▶ Requirement
The line containing "Oath taking" and every line after it, through the end of the records below, are to be reproduced exactly, with the pictures left out.

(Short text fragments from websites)
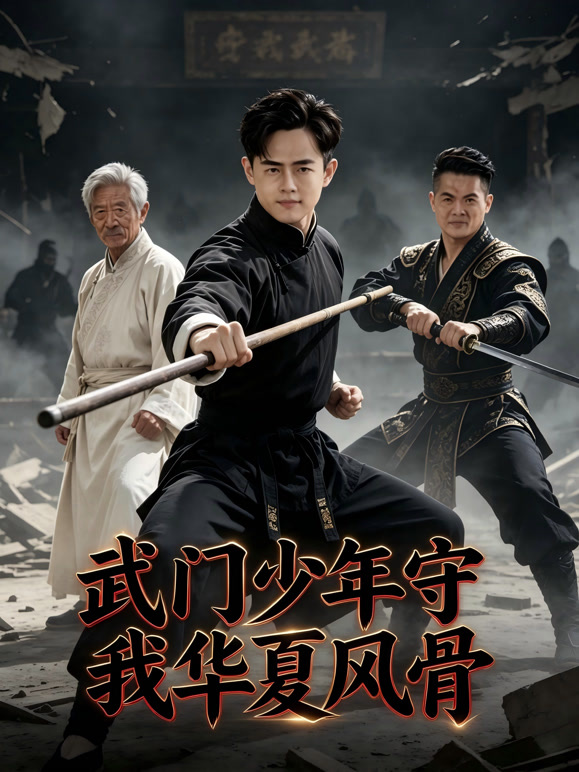 武门少年守我华夏风骨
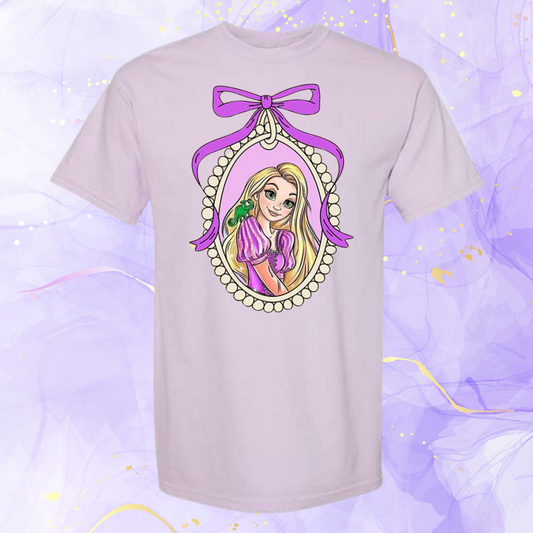 Tangle Princess Locket Shirt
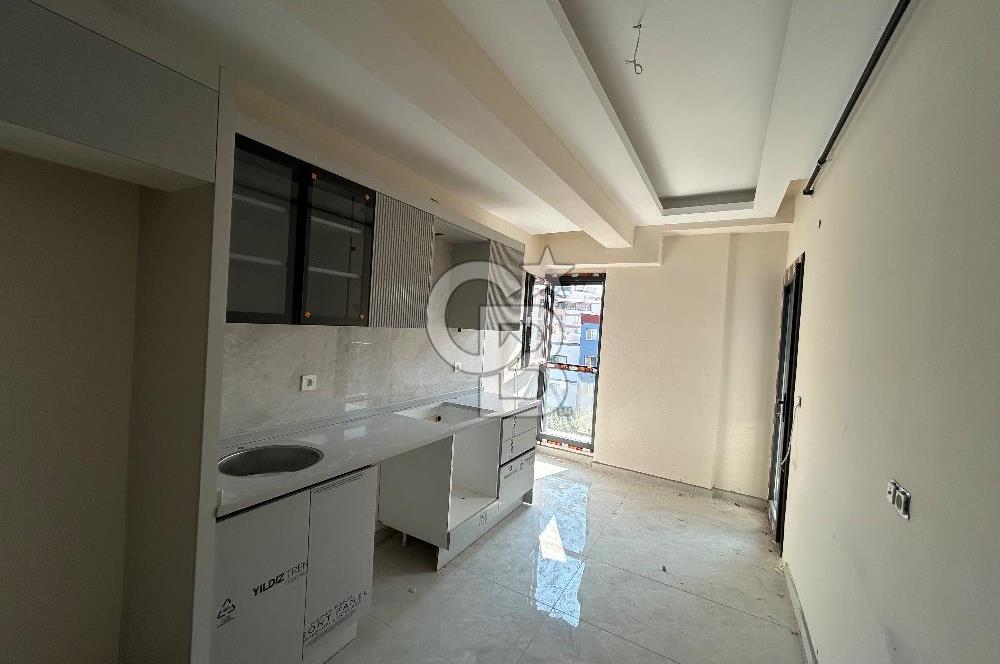MENEMEN KOYUNDEREDE SATILIK SIFIR ÇATI DUBLEKS 3+1 DAİRE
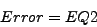 \begin{displaymath}
EQ1\end{displaymath}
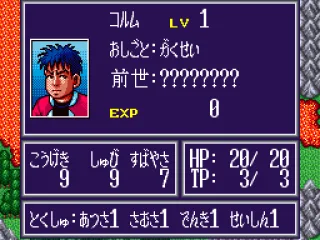 
											Status Screen.
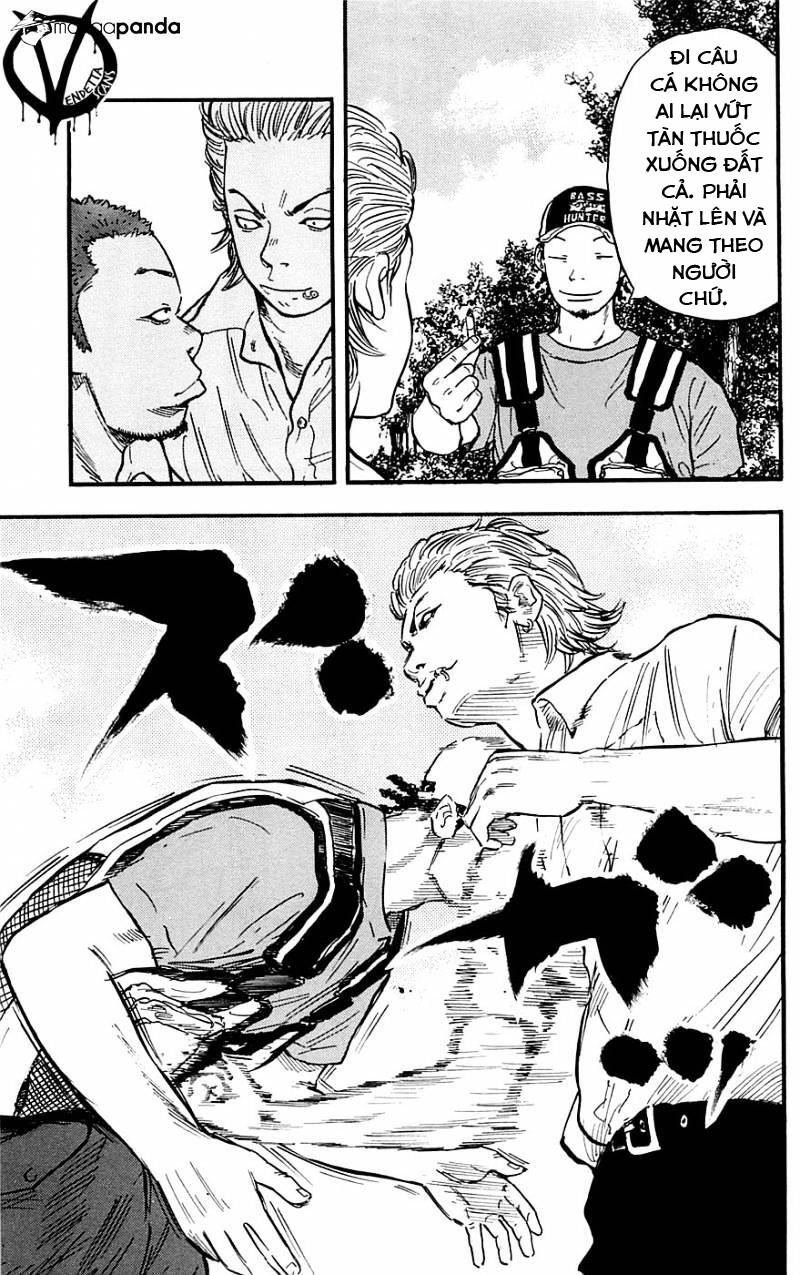 Clover (Tetsuhiro Hirakawa) Chapter 17 - 24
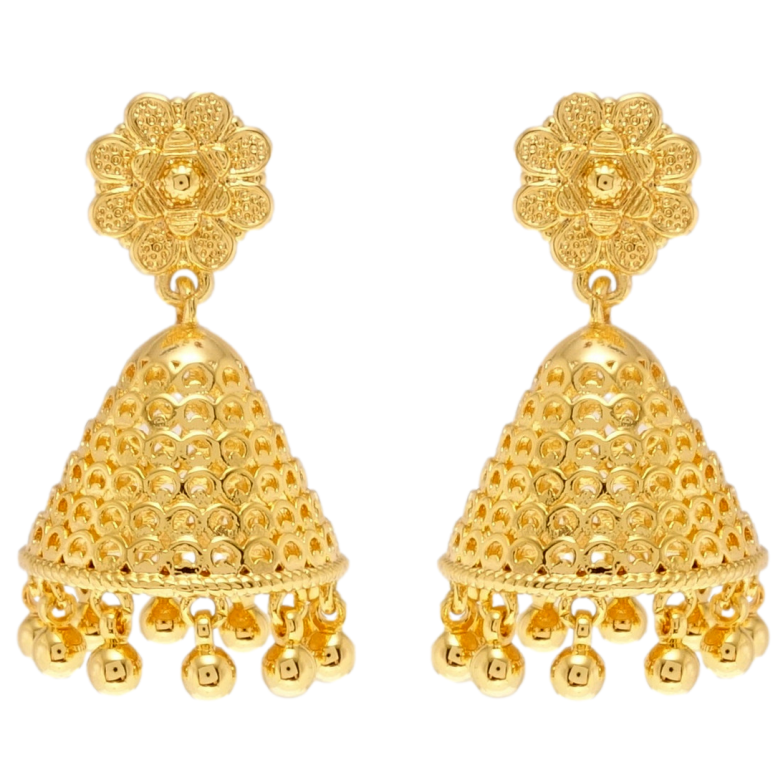 Серьги Xuping M&L Цвет 18K пусеты Декоративные колокольчики фото №1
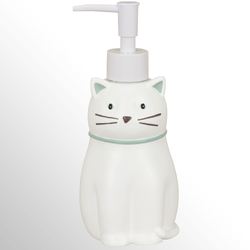 Dog Lotion Soap Dispenser White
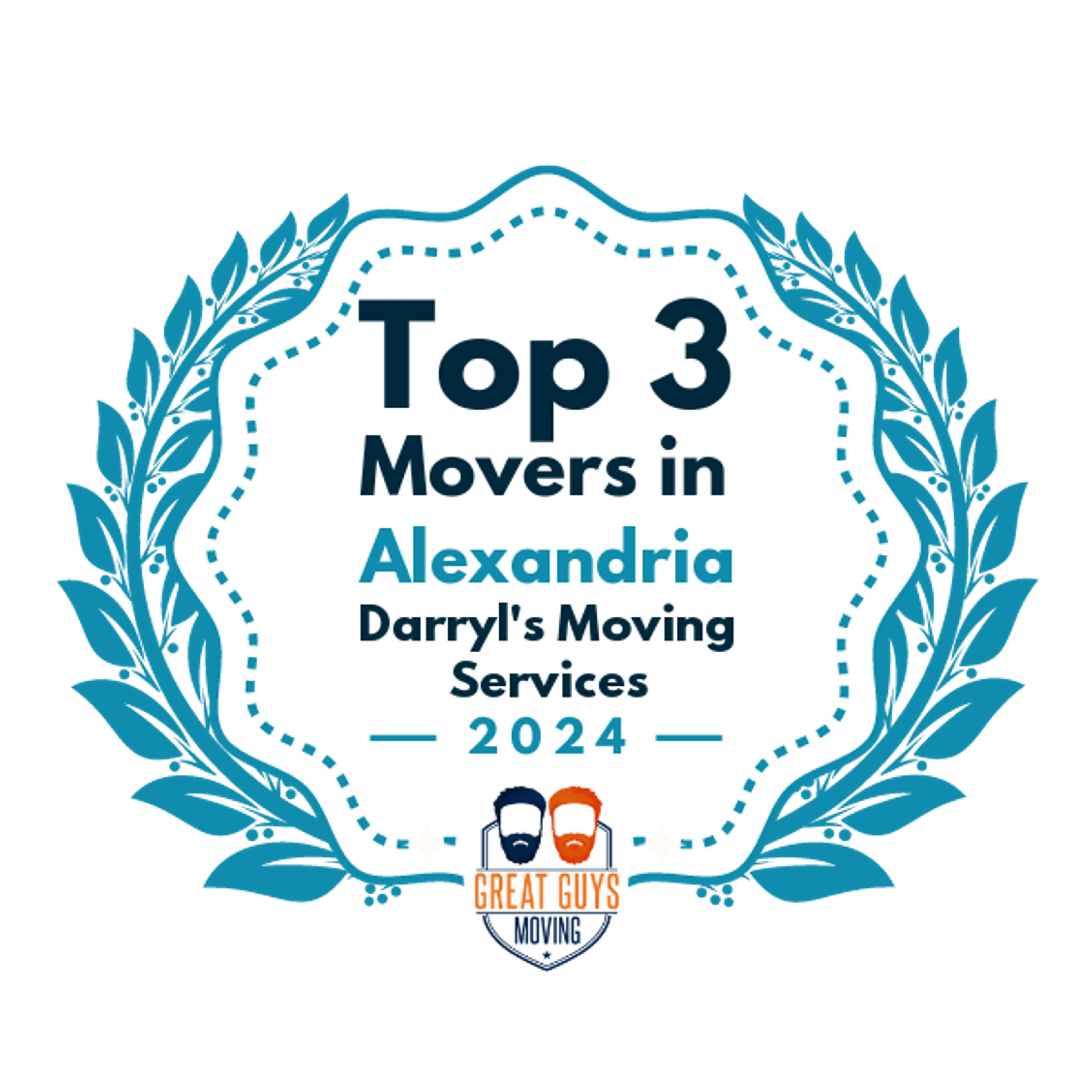 Top 3 Movers in Alexandria, LA 2024 award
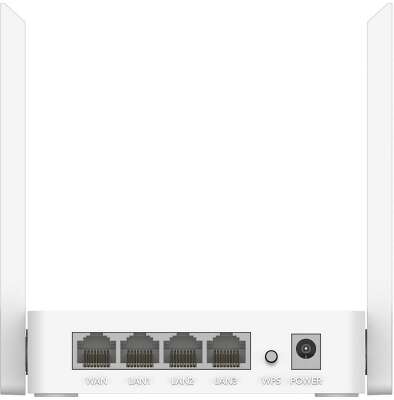 Маршрутизатор CUDY WR300 N300 Wi-Fi Router, Chipset MediaTek, 802.11b/g/n,300Mbps at 2.4GHz, 4 Ч 10/100Mbps Ports, 2 Ч 5dBi fixed antennas, WiFi router/AP/ Repeater/WISP Mode, Guest network, WPS, DDNS, VPN Client, IPv6, Cudy APP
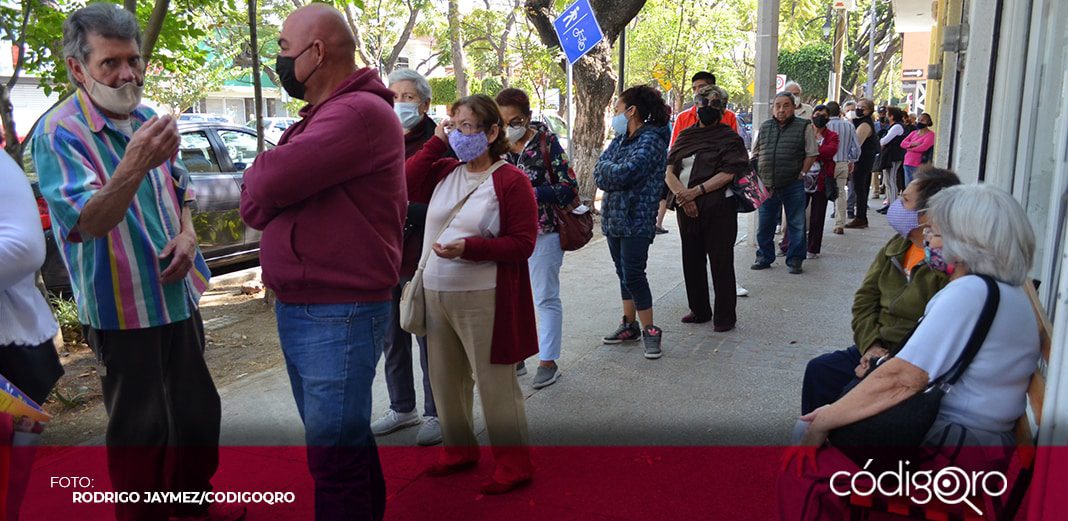 Querétaro suma mil 017 casos positivos y 42 muertes por COVID-19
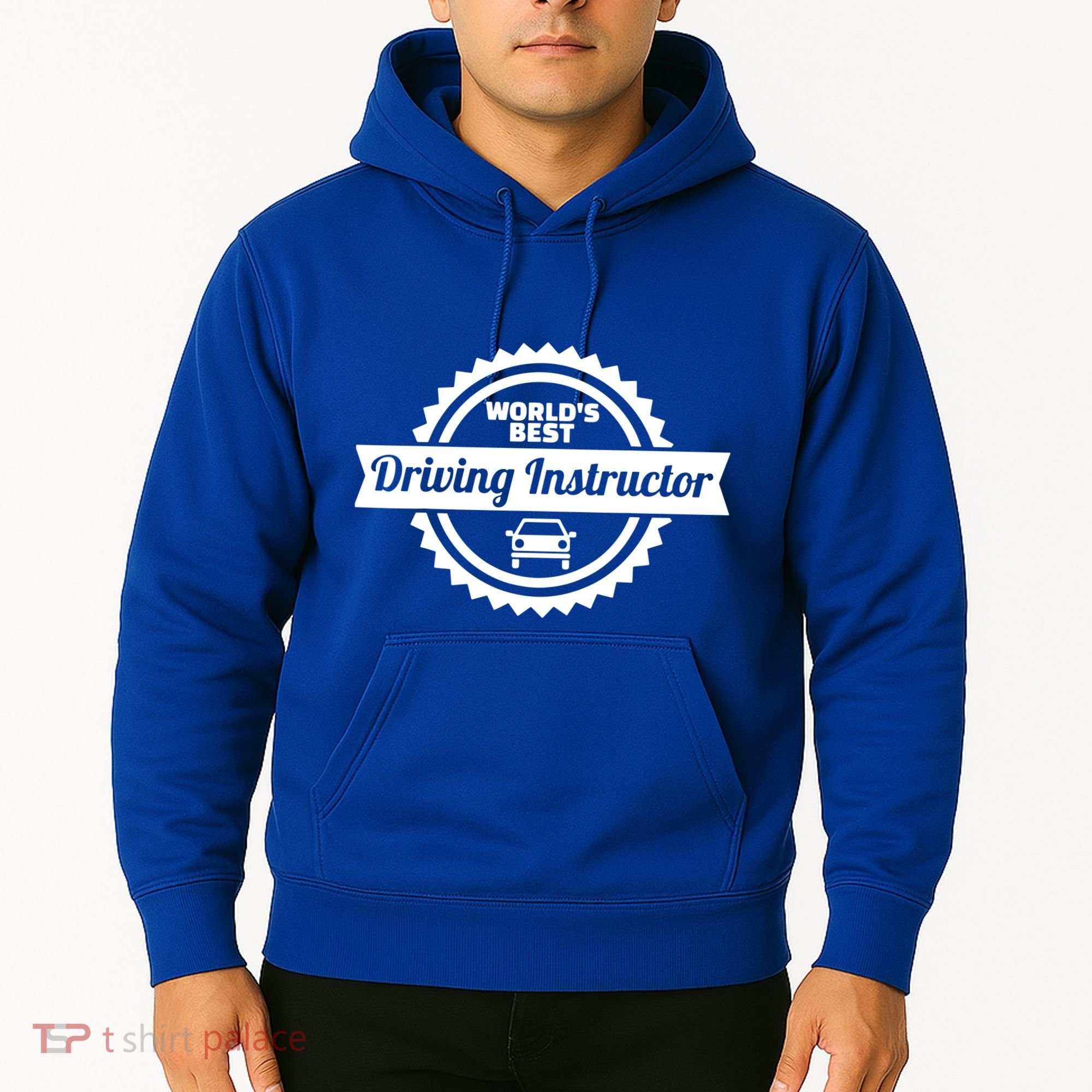 Worlds Best Driving Instructor Hoodie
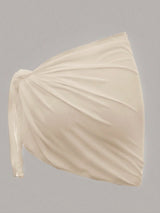 Jupe cache-maillot pour la plage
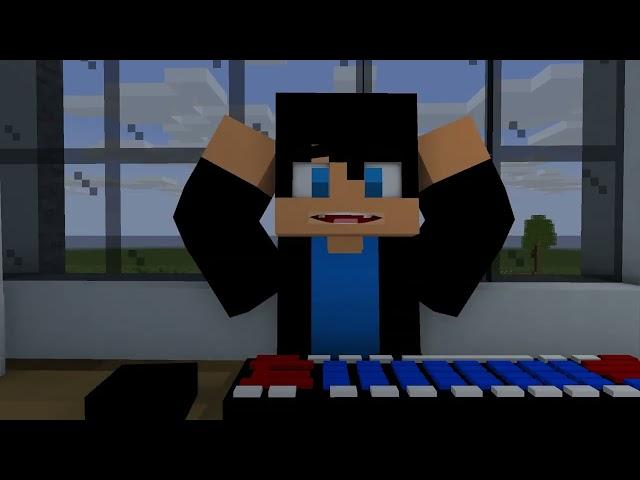 MX Studio 1000 Subs Intro Mine Imator (RAW Render) | Remake RyanAnimates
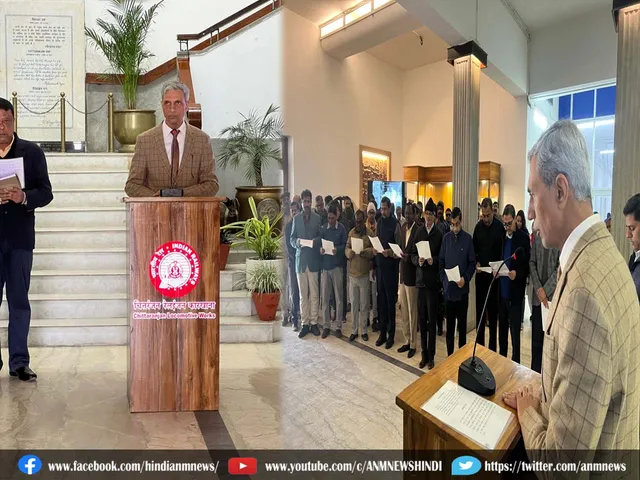 Oath taking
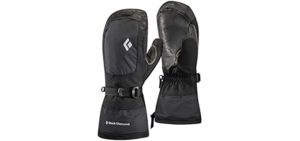 Black Diamond Equipment - Mercury Mitts - Black - X-Large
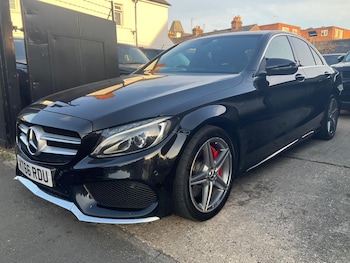 Used Mercedes-Benz C Class 2016 for sale - 79540017: Photo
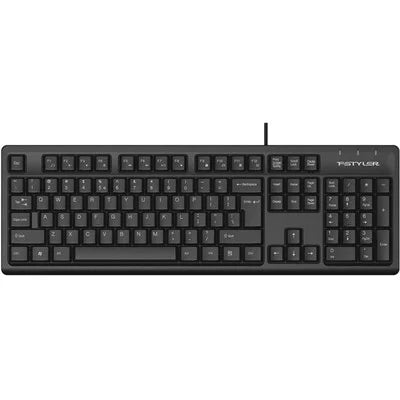 A4Tech FStyler FK12 Multimedia Comfort Keyboard - PakByte Computers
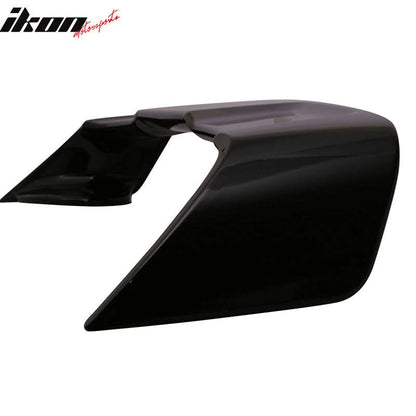 K2 Industries #X42 Tarmac Black Rear Spoiler Wing | 2008-2017 Mitsubishi Lancer Evolution X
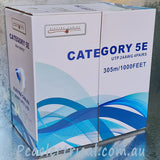 CAT5E Lan Data Cable, 4 Pair Unscreened, 305m - CAT5eBOX | PICKUP ONLY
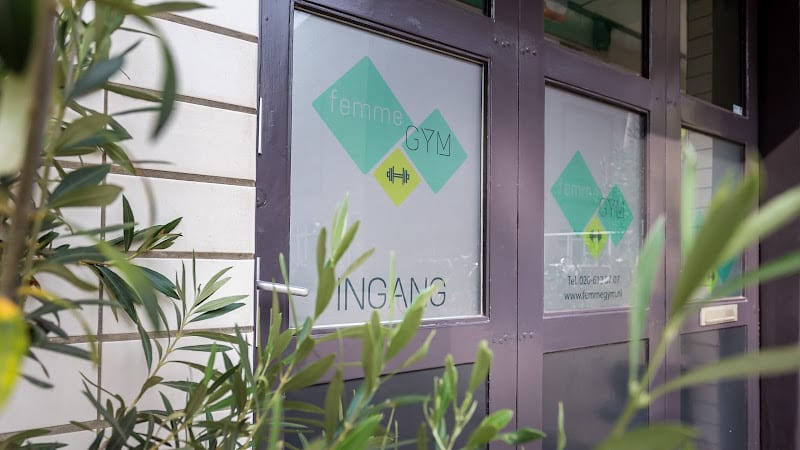 Sportschool FemmeGym West (de Garage) in Amsterdam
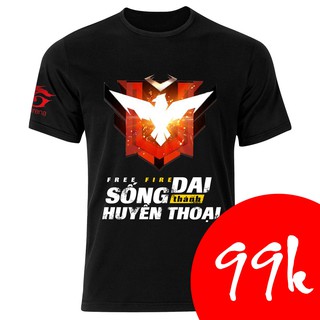 [FREEFIRE] Áo thun sống dai thành huyền thoại giá siêu rẻ nhất vịnh bắc bộ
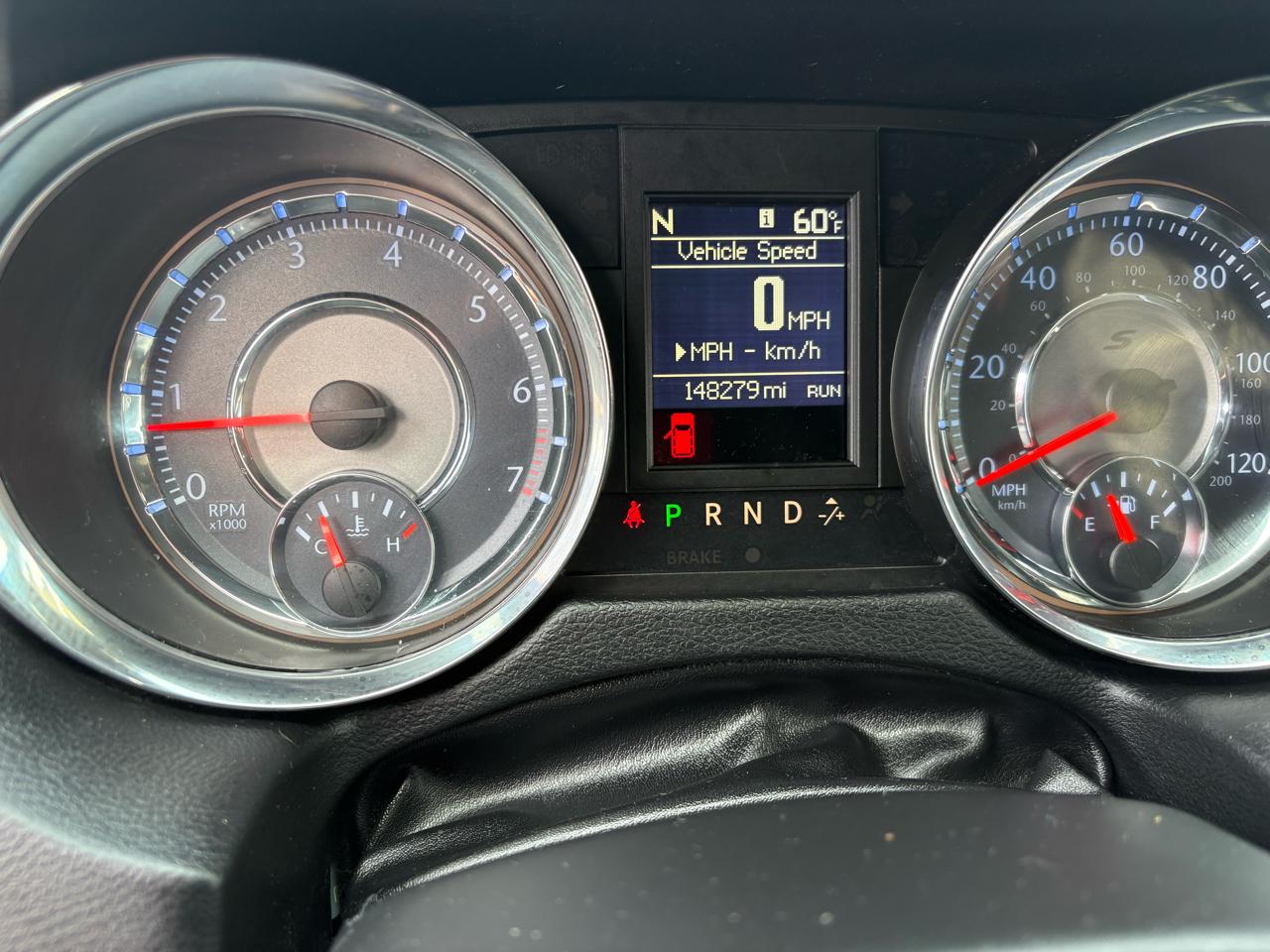 Chrysler Town & Country 4dr Wgn S 2015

▶ Exercise solution
 Oath taking
 Black Diamond Equipment - Mercury Mitts - Black - X-Large
 Used Mercedes-Benz C Class 2016 for sale - 79540017: Photo
 A4Tech FStyler FK12 Multimedia Comfort Keyboard - PakByte Computers
 K2 Industries #X42 Tarmac Black Rear Spoiler Wing | 2008-2017 Mitsubishi Lancer Evolution X
 CAT5E Lan Data Cable, 4 Pair Unscreened, 305m - CAT5eBOX | PICKUP ONLY
 Sportschool FemmeGym West (de Garage) in Amsterdam
 [FREEFIRE] Áo thun sống dai thành huyền thoại giá siêu rẻ nhất vịnh bắc bộ
 Chrysler Town & Country 4dr Wgn S 2015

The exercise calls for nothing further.